### [Data excerpt]

------------

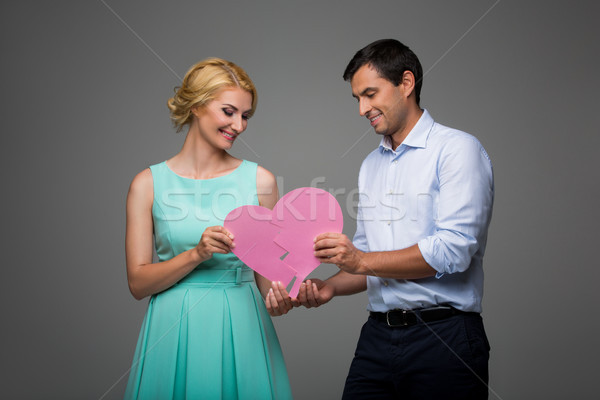 Gyönyörű pár tart rózsaszín összetört szív fiatal pér Stock fotó © svetography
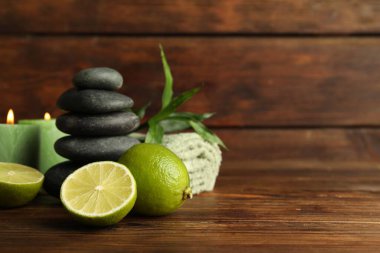 Taze limonlu spa kompozisyonu, çakıl taşları ve ahşap masada yanan mumlar, yakın çekim. Metin için boşluk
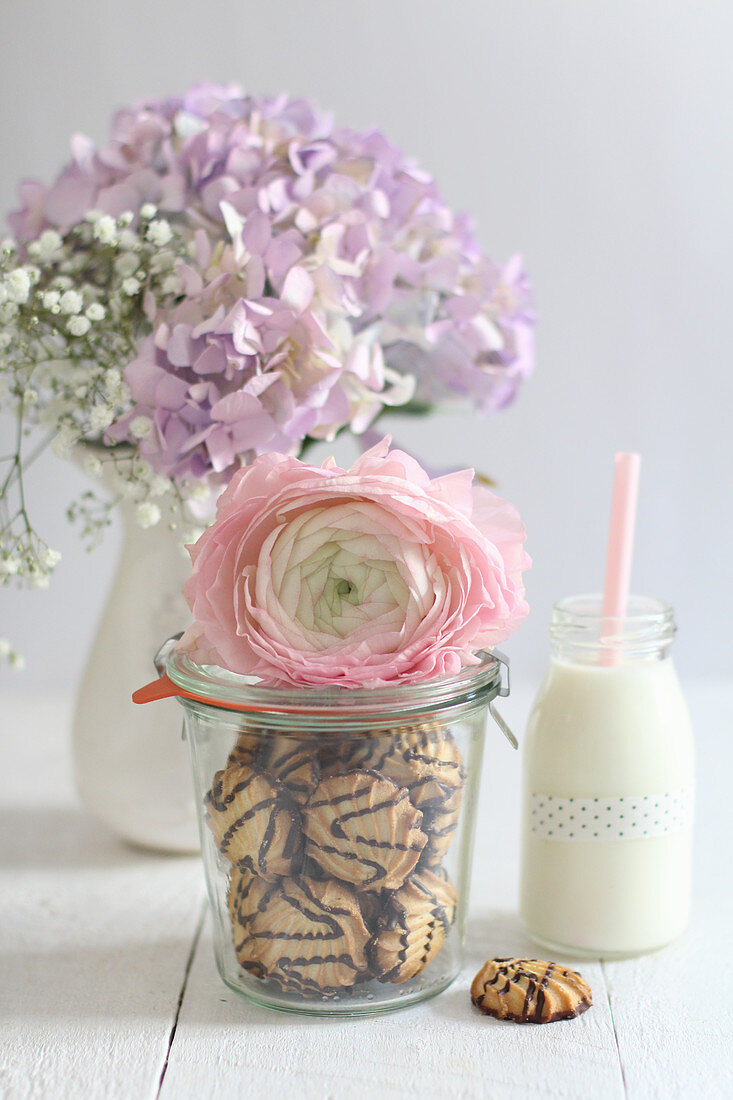 Plätzchen mit Schokoladenglasur im Einmachglas dekoriert mit Rosenblüte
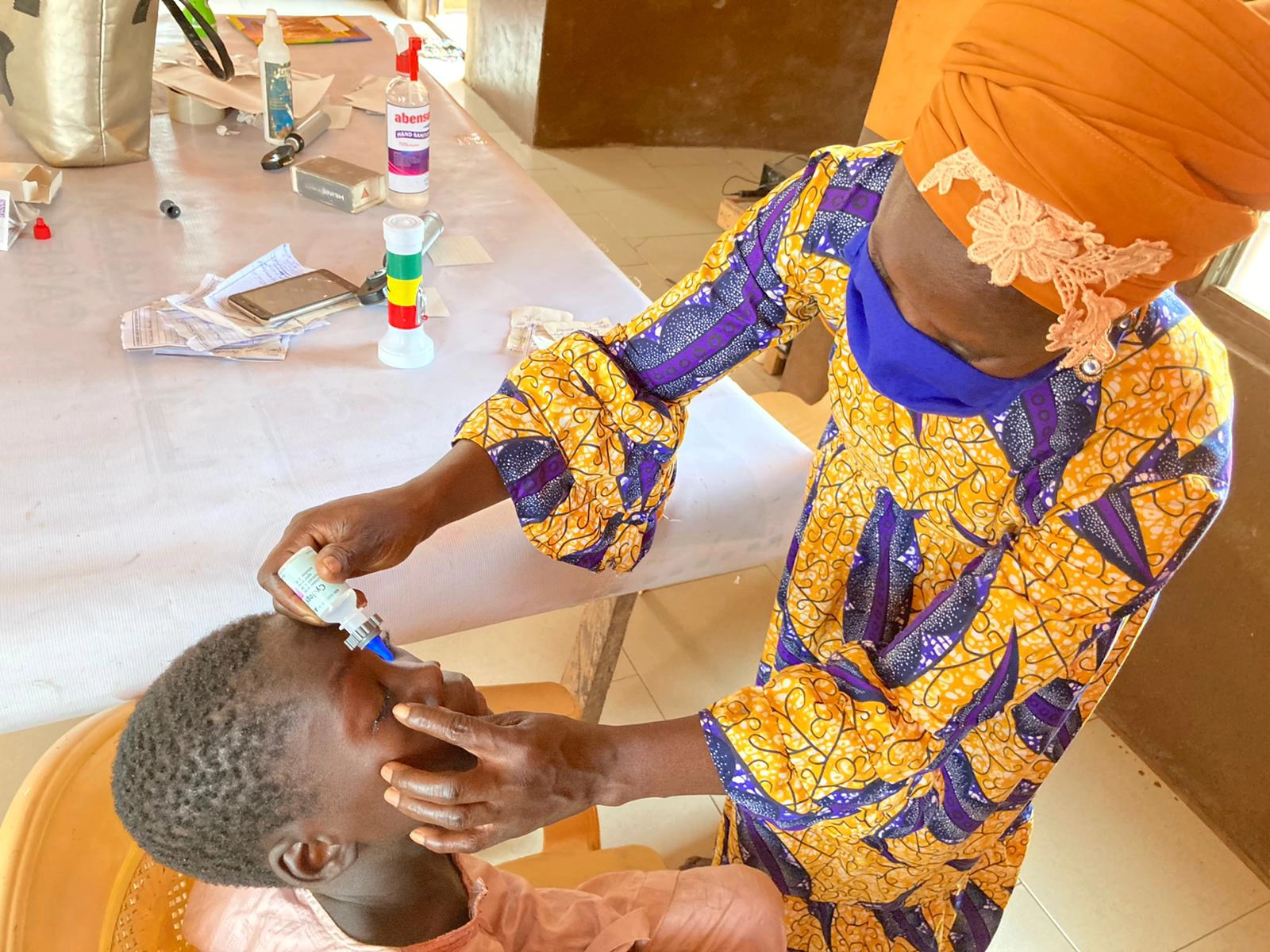 a patient receiving an eyedrop with the nanodropper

------------

### [About this task]
Copy the listing exactly, omitting pictures.

### [Expected output]
 Gyönyörű pár tart rózsaszín összetört szív fiatal pér Stock fotó © svetography
 Taze limonlu spa kompozisyonu, çakıl taşları ve ahşap masada yanan mumlar, yakın çekim. Metin için boşluk
 Plätzchen mit Schokoladenglasur im Einmachglas dekoriert mit Rosenblüte
 a patient receiving an eyedrop with the nanodropper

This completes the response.